There is much to admire in this debut novel. Paula Nangle, who grew up in southern Africa, the daughter of white missionaries, writes deftly and subtly about a character who is unwilling to face the situation around her. Nangle masterfully conveys a sort of nagging terror, a character who witnesses a great deal, but is unable to comprehend it, to fear it straight-on. Likewise, Colleen possess a vague sort of guilt for being a member of the ruling race but she never quite gives in to understanding the injustice of apartheid. There is considerable skill in how Nangle portrays a character that is not necessarily unreliable, but whose perspective is instead stunted; the deeper meanings of the events swirl around her thoughts and impressions and rise up from them. In the end, there is no dramatic epiphany, no great change in Colleen; she simply fades into the white culture having never completed assimilated all that she has witnessed. Throughout, Nangle’s prose is clear, and she resists every urge towards sentimentality. It is a tightly written, thoroughly imagined, masterfully depicted story.
 
Susan Woodring, Perpetual Folly

 

Paula Nangle's debut novel, The Leper Compound, is a book I won't soon forget. I'm tempted to call it a novel-in-stories as each chapter is perfectly self-contained and yet the whole does provide one full narrative. Regardless, it is a brilliant effort.

The book starts out with Colleen as a motherless child ill with Malaria and ends with the death of her father and with her mentally ill sister (schizophrenia since childhood) finally finding a mother in their father's new wife. Throughout, Colleen struggles with her sense of identity and her desire to make sense of life and death--she is a lover, a nurse, a mother--and through it all, an outsider.

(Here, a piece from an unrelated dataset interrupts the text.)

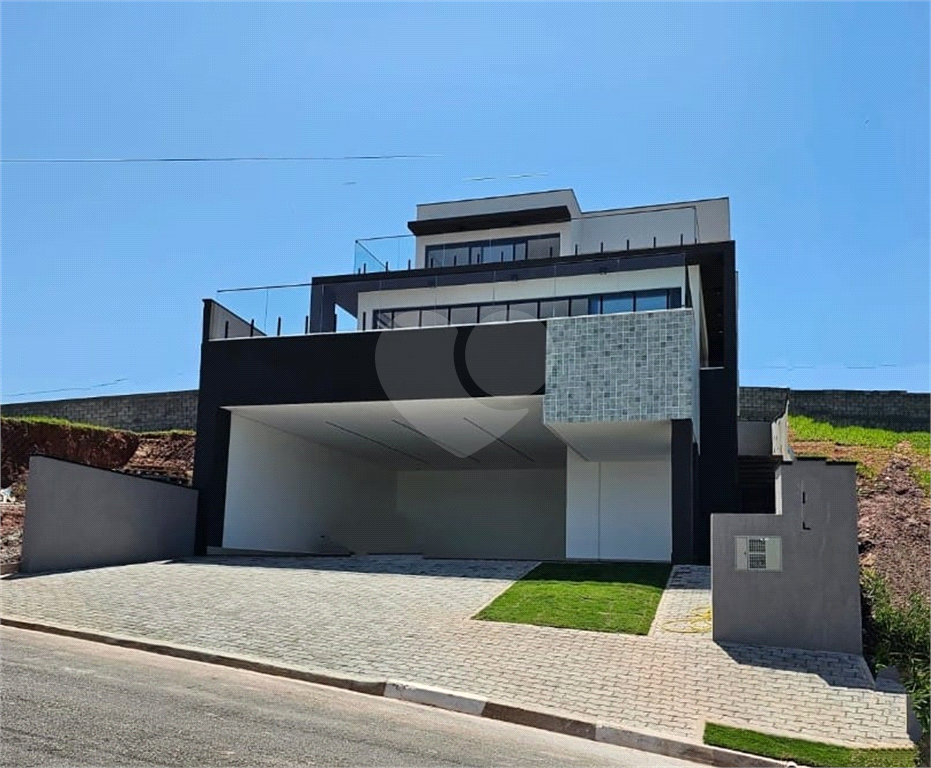 Casa de Condomínio à venda com 3 quartos, 346m² - Foto 2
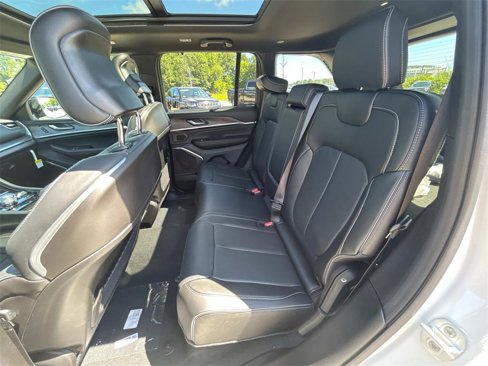 New 2025 Jeep Grand Cherokee Overland image 6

All of this could take place anywhere at any time, but it does not: it takes place in the waning years of Rhodesia. A fascinating back drop lending the book political and social overtones and adding to its richness (especially poignant with Zimbabwe so present in the news these days).

I cannot quote from the book as the copy I have is an ARC, but I can tell you this: Nangle can write. In fact, she writes beautifully--her words are moving and yet never overdone. It would have been easy for her to be melodramatic with her subject matter. Instead, she opts for clean, precise language.